Apesar do monopólio da mídia, da agitação e da repressão, Lula está adiante nas pesquisas para as eleições presidenciais em 2018. Embora as mobilizações do movimento contra o golpe de Estado fossem significativamente mais fracas, as esperanças das massas se concentram nas eleições de Lula. As suas reuniões são acompanhadas por dezenas de milhares. Nas pesquisas eleitorais, seu apoio é de cerca de 35%, e nos estados do nordeste do país, que têm uma proporção muito maior de pobres, o apoio a Lula atinge 70%.

Os partidos burgueses tradicionais não têm oponente credível. Eles estão se separando ou, como o presidente Temer, são tão impopulares que não têm chance de chegar até 10%.

Ao mesmo tempo, as forças reacionárias estão se tornando mais radicais à extrema direita, com Jair Bolsonaro. O líder do "Partido Social Cristão" está com cerca de 17% nas pesquisas eleitorais e, portanto, à frente de todos os candidatos burgueses "respeitáveis". Ele não apenas defende francamente a ditadura militar, mas também pede abertamente que se estabeleça uma nova ditadura militar. Ao mesmo tempo, ele também está na vanguarda do Movimento Brasil Livre (MBL), radical, sexista, homofóbico e racista, cujos partidários são compostos por latifundiários, fascistas e cristãos evangélicos. Essas forças não só agitam-se por objetivos extremamente reacionários, seus membros além de atacarem, também matam, transexuais, homossexuais, afro-brasileiros e membros de minorias religiosas.

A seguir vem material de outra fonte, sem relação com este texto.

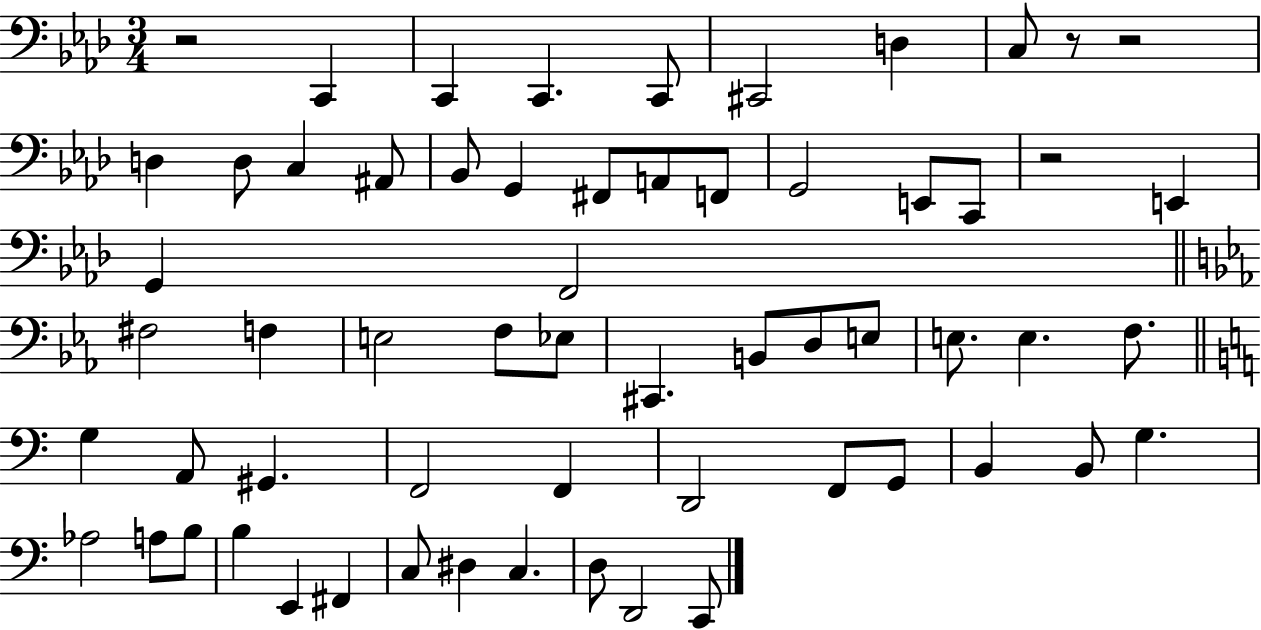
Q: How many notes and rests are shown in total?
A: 61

Tudo isso aponta para um agravamento da situação em que as eleições presidenciais de 2018 terão lugar. O PT se baseia no cartão "Lula" e em uma estratégia puramente eleitoral. Também está trabalhando em uma possível coalizão com aliados burgueses, mesmo que sejam difíceis de encontrar. Não há dúvida de que milhões de trabalhadores também esperam Lula e o PT e que ele possa reverter as contra-reformas de Temer.

Mas a falha fatal está na estratégia do PT. Mesmo que Lula vença, o que o PT faria para evitar uma ofensiva renovada da elite ou até mesmo um golpe militar? Como controlará o aparato estatal burocrático? Como o poder do aparato estatal pode ser quebrado? Por que, dada a experiência de 13 anos de governo de coalizão liderado pelo PT, isso seria possível depois de uma vitória eleitoral em 2018?

Enquanto Dilma e o PT não têm uma resposta a essas questões, a classe trabalhadora brasileira não pode confiar no princípio da esperança. Apesar de toda a solidariedade com Dilma e Lula contra os ataques do golpe de estado, o que é necessário é uma ruptura política com a estratégia do PT e a construção de um novo partido operário que não queira ser o melhor administrador do capitalismo, mas derrubá-lo.